Cada vez estoy más convencido de que la racionalidad pedagógica es sui generis. Quizás ello se deba a que no puede pedírsele que vaya más allá de la racionalidad política.
Imaginemos una situación -un paradigma, diría Platón- en la que las opiniones pudiesen cambiarse por verdades. Podemos pensar que en las ciudades hubiera algo así como recicladores de opiniones en los cuales tú verterías una opinión y saldrías con una verdad. De esta manera, se acabarían las discusiones, las tertulias, los debates, las sesiones parlamentarias, las polémicas deportivas, las broncas familiares, las rencillas con la pareja, etc. Conviene pensar a fondo en ese mundo porque cuanto más lo pensemos más nos daremos cuenta de que un mundo así no sería humano. En el mundo humano, es decir, el mundo político o mundo de la vida en común, nos aferramos a nuestros símbolos, opiniones y creencias.

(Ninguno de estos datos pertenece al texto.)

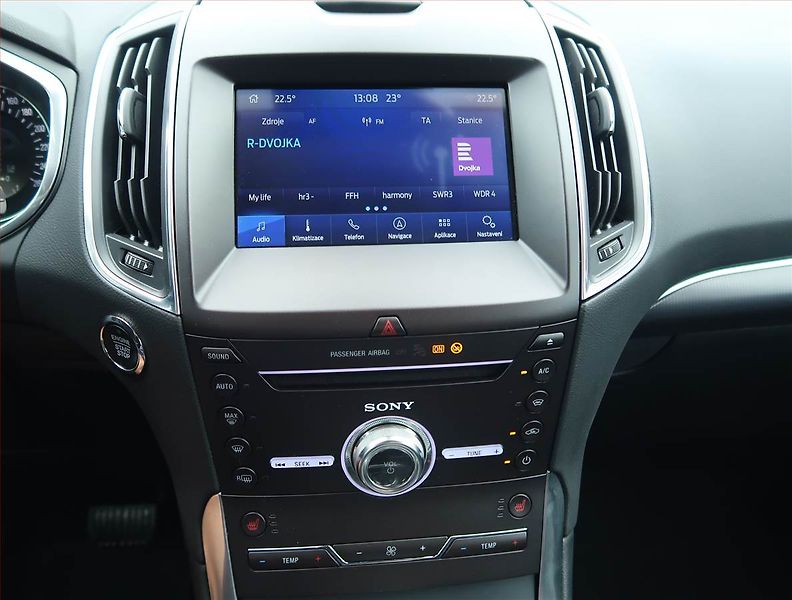 Ford S-MAX (2020) Titanium 2.0 TDCi, Automat - fotka 12 z 17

Pero si la filosofía es el intento de sustituir las opiniones por verdades, podrá comprenderse pronto que tal proyecto es imposible.
El reciclador de opiniones por verdades podría funcionar gracias a un método riguroso de análisis de nuestros pensamientos al que podemos dar el nombre de método científico. En nuestra ciudad paradigmática, el término medio entre la opinión y la verdad sería, pues, ese método científico, que a todos nos igualaría en la evidencia de nuestras certezas comunes.
Volvamos ahora a la ciudad real y preguntémonos cuál es el intermedio entre nuestras opiniones y nuestras conductas. Sea el que sea, no es, desde luego, el método científico. Más bien parece ser una especie de maquinaria con engranajes de todo tipo y no siempre bien coordinados, pues los pistones de las emociones, las bujías de los símbolos, los faros del conocimiento, los pedales de las sospechas, fobias, filias; el freno de mano de la vergüenza, y, sobre todo, el combustible de las buenas intenciones van un poco a su aire cada uno. Además parece que el que pone en marcha esta estrambótica máquina es nuestro estado de ánimo. ¿Cuál es el resultado de todo esto? Pues que nuestra conducta no suele dejarse guiar por evidencias empíricas o por el rigor lógico, sino que acabamos tomando las decisiones que nos hacen sentir mejor.
¿Exagero mucho si digo que una maquinaria de este tipo es la de la racionalidad pedagógica?